General information
- Type: Glider
- National origin: United Kingdom
- Designer: W.L. Manuel
- Number built: 1

History
- First flight: 25 November 1972

= Manuel Hawk =

British single-seat glider, 1972

The Manuel Hawk was a homebuilt single-seat glider designed and constructed in the UK around 1970. Only one example was flown.

==Design and development==

W. L. "Bill" Manuel, who had designed and built a glider as early as 1929 and was later responsible for the Willow Wren, designed the Hawk during his retirement. It was a single-seat aircraft intended for soaring in weak thermals. He built the Hawk himself during 1968 and 1969 before taking it to the College of Aeronautics at Cranfield for structural analysis.

The Hawk was an all-wood, cantilever shoulder wing monoplane. The centre section of the three-piece wing was of constant chord and fitted with parallel-ruler type, upper surface airbrakes positioned at 28.26% of the half-span and at 42% chord. The outer panels were tapered with rounded tips and carried the ailerons. The wing had an angle of incidence of 3° and the outer panels had 3° of dihedral. Structurally, the wings had a spruce main spar at 33% chord with a plywood-covered torsion box ahead of it and fabric covering aft.

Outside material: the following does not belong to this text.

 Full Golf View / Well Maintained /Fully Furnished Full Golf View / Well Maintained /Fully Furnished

The fuselage was a semi-monocoque spruce structure with plywood covering. The fin was also plywood-covered, carrying a fabric-covered rudder which reached from the underside of the T-tail to the bottom of the fuselage. The fixed-incidence tailplane was likewise plywood-covered and the elevator fabric-covered. The latter carried a Flettner-type trim tab on its starboard edge. The Hawk's single seat was forward of the wing and under a hinged, framed canopy. It landed on a single fixed wheel assisted by a tailskid.

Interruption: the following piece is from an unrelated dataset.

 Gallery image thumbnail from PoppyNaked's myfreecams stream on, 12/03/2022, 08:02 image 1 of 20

The first flight was on 25 November 1972, piloted by Howard Torode of the Cranfield Institute. Tests showed a lack of rudder power, quickly cured by an increase in area, but no other concerns.

==Operational history==
Only one Hawk was built. It was certified as BGA 1778 by February 1973. In July that year it was at the Sywell PFA weekend, where it gained third place in a competition amongst homebuilt aircraft. Since 2013 it has been preserved by the Gliding Heritage Centre at Lasham.